THE TASK
Show all lines containing "Fort" from the data below.

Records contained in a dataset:
*** Begin section ***

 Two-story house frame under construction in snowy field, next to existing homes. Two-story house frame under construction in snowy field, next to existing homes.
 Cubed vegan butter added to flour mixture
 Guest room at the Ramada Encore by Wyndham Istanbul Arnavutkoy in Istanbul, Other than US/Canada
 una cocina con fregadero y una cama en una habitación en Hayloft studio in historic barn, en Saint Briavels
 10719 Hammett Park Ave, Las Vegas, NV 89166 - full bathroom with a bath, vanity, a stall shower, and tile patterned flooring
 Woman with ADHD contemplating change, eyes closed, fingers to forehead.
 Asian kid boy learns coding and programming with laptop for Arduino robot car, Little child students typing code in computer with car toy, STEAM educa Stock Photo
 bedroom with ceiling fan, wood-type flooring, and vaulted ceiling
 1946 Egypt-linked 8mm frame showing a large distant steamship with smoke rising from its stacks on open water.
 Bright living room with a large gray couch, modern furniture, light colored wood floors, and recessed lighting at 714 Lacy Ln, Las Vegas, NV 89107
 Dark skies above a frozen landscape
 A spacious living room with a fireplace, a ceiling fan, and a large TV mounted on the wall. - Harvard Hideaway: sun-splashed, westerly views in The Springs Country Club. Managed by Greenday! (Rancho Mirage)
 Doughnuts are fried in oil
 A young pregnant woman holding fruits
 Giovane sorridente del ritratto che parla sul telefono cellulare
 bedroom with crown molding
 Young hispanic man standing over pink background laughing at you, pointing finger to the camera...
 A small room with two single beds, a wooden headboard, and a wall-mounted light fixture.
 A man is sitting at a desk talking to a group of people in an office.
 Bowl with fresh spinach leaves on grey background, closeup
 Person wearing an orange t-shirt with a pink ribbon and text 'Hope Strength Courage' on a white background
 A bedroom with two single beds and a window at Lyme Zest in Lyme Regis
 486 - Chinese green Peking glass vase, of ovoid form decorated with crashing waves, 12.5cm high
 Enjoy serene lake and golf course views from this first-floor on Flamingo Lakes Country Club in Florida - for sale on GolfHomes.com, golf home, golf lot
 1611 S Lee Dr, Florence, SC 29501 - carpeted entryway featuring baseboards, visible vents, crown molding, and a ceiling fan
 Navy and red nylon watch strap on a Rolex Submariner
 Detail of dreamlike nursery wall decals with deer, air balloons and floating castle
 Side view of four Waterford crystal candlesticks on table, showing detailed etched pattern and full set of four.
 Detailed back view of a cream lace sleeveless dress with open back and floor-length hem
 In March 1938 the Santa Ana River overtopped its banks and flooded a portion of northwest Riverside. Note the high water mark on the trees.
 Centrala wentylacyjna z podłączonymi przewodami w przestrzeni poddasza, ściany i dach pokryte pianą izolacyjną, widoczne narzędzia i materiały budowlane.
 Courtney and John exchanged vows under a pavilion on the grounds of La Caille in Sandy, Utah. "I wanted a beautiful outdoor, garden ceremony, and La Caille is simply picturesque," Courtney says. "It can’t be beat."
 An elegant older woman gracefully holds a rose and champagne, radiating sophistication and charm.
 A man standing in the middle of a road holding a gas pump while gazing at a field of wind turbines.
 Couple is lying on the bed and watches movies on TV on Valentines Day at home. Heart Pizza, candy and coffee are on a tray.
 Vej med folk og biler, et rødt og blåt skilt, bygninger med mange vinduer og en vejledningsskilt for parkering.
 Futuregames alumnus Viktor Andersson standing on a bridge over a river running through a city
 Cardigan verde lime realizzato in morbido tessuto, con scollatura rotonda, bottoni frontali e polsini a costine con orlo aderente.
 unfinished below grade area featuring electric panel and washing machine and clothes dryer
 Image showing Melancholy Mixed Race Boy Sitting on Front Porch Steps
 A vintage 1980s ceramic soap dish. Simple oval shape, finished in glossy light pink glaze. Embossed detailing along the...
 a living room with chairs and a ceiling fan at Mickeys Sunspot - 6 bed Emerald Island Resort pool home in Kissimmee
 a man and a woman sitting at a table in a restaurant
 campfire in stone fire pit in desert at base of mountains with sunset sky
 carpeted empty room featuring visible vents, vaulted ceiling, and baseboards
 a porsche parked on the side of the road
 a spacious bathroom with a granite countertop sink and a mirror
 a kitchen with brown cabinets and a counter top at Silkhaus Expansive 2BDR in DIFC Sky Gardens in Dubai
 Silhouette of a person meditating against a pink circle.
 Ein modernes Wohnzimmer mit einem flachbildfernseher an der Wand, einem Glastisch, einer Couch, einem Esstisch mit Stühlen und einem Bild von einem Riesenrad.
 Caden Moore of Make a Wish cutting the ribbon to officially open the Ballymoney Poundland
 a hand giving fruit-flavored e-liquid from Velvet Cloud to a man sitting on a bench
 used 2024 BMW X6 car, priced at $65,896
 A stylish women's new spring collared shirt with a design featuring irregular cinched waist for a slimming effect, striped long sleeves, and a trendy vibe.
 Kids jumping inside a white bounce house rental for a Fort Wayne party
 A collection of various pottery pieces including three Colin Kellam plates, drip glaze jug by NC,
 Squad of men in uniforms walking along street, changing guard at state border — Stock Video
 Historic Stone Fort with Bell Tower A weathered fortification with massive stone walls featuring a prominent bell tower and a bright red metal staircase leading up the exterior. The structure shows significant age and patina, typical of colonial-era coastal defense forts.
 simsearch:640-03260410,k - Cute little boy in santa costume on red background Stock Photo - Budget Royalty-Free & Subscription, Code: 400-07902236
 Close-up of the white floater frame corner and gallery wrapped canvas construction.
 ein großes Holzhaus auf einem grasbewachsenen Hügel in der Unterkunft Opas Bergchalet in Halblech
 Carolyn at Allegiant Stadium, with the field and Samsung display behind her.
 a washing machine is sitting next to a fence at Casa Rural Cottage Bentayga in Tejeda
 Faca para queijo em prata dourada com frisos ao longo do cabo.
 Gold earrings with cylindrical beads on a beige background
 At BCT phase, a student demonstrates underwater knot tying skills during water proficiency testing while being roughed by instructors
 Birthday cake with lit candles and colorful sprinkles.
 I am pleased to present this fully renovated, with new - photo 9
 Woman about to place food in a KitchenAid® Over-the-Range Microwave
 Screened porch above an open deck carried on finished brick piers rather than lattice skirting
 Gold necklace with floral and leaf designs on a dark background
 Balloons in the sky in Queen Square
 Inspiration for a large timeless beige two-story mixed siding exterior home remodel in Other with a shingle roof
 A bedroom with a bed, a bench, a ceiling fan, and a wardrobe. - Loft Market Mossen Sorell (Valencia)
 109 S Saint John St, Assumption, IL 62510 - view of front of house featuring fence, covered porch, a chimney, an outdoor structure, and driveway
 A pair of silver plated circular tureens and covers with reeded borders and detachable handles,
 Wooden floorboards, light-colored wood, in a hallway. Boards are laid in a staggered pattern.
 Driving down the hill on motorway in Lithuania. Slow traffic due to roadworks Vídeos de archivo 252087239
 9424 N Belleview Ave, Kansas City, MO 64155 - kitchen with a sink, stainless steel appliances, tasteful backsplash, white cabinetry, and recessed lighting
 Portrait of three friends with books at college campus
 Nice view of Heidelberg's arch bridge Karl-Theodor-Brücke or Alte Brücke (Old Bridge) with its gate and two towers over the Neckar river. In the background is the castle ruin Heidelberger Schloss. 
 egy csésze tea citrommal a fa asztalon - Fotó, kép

*** End section ***

REPLY
 Kids jumping inside a white bounce house rental for a Fort Wayne party
 Historic Stone Fort with Bell Tower A weathered fortification with massive stone walls featuring a prominent bell tower and a bright red metal staircase leading up the exterior. The structure shows significant age and patina, typical of colonial-era coastal defense forts.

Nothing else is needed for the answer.